Matthew Smith lead director of the Nottingham offices of JLL said: “With cranes now back on the skyline, new infrastructure and an ever improving retail and leisure offer, the city has become a stronger magnet to office occupiers, resulting in take up predicted to be up by 15% in 2015. For businesses now, it’s all about the location that really works for their staff, clients and to attract new talent. With two strong universities, Nottingham provides an attractive proposition to companies looking to north shore and keep their competitive edge.

“This is also an influencing factor for many companies looking to return from the outer town locations to in town, where Nottingham rents are comparable, so the transition is easier and increasingly the accessibility and amenity offer in the city is what young, aspirational generations demand. For out of town locations to survive they will need to differentiate themselves by amenity, infrastructure or price.”

Rents will continue their upward trend in 2015 Matthew continued: “The East Midlands supply remains tight and the prospect of new development being delivered in 2016 is limited. This weight of latent and competitive demand will help increase rents further, with office rents expected to approach £20 per square foot in 2016. Similar drivers apply to the industrial markets. There are core markets within the East Midlands, with almost no modern stock and the impact this is having on economic growth is now on the radar of the local politicians and city leadership.

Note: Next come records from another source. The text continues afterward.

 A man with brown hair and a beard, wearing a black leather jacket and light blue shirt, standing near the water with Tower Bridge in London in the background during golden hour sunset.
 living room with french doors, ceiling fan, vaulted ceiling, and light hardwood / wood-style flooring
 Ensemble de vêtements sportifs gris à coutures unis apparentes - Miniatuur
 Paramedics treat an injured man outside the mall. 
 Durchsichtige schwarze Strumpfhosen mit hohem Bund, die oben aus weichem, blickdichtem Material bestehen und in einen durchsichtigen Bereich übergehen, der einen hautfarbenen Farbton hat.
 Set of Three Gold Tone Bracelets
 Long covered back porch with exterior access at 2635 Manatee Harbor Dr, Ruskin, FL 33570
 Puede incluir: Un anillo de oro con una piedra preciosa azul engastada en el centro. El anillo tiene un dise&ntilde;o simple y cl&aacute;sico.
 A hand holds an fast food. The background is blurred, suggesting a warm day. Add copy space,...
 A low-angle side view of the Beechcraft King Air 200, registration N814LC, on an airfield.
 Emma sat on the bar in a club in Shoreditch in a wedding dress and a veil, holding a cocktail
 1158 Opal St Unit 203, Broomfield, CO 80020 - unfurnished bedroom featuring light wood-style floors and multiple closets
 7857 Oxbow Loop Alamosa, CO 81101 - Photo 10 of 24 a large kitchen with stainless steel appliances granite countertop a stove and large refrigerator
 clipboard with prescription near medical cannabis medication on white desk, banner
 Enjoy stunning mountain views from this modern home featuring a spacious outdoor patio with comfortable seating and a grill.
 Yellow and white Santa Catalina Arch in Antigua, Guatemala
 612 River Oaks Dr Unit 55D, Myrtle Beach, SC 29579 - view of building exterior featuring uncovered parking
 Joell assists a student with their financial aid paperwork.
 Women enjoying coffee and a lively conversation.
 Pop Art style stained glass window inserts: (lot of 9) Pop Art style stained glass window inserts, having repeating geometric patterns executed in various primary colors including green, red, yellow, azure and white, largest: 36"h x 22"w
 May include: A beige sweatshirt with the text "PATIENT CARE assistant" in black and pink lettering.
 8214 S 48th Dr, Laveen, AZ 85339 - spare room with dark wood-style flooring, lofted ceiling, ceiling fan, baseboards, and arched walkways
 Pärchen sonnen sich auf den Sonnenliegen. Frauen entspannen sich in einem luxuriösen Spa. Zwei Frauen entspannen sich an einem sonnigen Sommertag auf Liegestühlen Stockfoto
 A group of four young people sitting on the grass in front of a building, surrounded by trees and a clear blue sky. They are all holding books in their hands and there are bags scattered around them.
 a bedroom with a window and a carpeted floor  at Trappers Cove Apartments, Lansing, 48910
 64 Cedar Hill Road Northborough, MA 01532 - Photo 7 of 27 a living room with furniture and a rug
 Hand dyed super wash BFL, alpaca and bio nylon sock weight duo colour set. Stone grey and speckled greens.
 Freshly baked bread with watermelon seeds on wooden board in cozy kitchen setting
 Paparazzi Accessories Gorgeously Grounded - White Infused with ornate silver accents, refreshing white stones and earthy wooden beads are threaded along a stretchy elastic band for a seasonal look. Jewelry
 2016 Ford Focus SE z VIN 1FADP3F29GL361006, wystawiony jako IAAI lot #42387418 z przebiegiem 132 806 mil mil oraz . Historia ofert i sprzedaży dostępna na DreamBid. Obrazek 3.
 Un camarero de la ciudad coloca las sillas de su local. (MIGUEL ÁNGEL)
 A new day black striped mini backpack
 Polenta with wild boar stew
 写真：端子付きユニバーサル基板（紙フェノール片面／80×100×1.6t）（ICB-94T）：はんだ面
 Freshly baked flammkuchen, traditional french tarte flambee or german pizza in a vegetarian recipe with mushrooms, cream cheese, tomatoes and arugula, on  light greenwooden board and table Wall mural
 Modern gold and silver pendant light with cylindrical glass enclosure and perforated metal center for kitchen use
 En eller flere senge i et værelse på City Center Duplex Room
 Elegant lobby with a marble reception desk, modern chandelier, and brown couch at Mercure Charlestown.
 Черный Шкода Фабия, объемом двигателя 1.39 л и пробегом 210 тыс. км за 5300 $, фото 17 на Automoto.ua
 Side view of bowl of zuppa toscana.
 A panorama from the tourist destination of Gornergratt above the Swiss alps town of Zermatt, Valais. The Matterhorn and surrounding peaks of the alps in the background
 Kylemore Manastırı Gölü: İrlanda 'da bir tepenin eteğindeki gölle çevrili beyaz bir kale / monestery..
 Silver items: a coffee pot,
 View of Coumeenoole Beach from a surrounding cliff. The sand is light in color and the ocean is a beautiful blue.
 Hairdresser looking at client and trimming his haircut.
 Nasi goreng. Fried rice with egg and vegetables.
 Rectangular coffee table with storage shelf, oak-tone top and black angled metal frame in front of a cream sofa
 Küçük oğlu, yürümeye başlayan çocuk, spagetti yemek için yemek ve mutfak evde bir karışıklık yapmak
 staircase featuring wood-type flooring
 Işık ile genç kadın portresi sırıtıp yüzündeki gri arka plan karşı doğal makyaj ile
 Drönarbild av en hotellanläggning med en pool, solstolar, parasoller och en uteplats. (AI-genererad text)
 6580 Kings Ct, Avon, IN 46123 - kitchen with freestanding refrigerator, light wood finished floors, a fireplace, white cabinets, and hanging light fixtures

“Land supply remains one of the key constraints on delivering new and efficient commercial space into the region. A protracted and politically weighted planning system has failed to facilitate demand, with a lack of real synergy between our city and outlying councils. The North Midlands devolution agenda will help alignment but in the meantime we have to deal with these land supply challenges. We consider the demand is there for speculative development to commence both in the office and industrial market – the lease data supports this and we believe as land does come forward in 2016, we will see a commitment to build speculatively.”

JLL completed four million square foot of industrial deals in the Midlands in 2015, predominately big sheds  -100, 000 sq ft and over.  However in 2016 Matthews said he saw speculative building returning for new ‘urban logistics’ units 15-100,000 sq ft – an event not witnessed for nearly 10 years.

Urban Logistics units too will be attracting investors says Allan Wilson, director and head of investment at JLL. “A return to the classic multi-let unit will be seen and smaller units capable of “last mile delivery”.

Matthew concluded: “There is definitely an optimistic mood for 2016 and whilst geopolitical issues such as BREXIT may create a pause, we believe Nottingham has the potential to move forward if more proactive and commercial public sector intervention takes place to address office and industrial shortages to enable strong local economic growth.”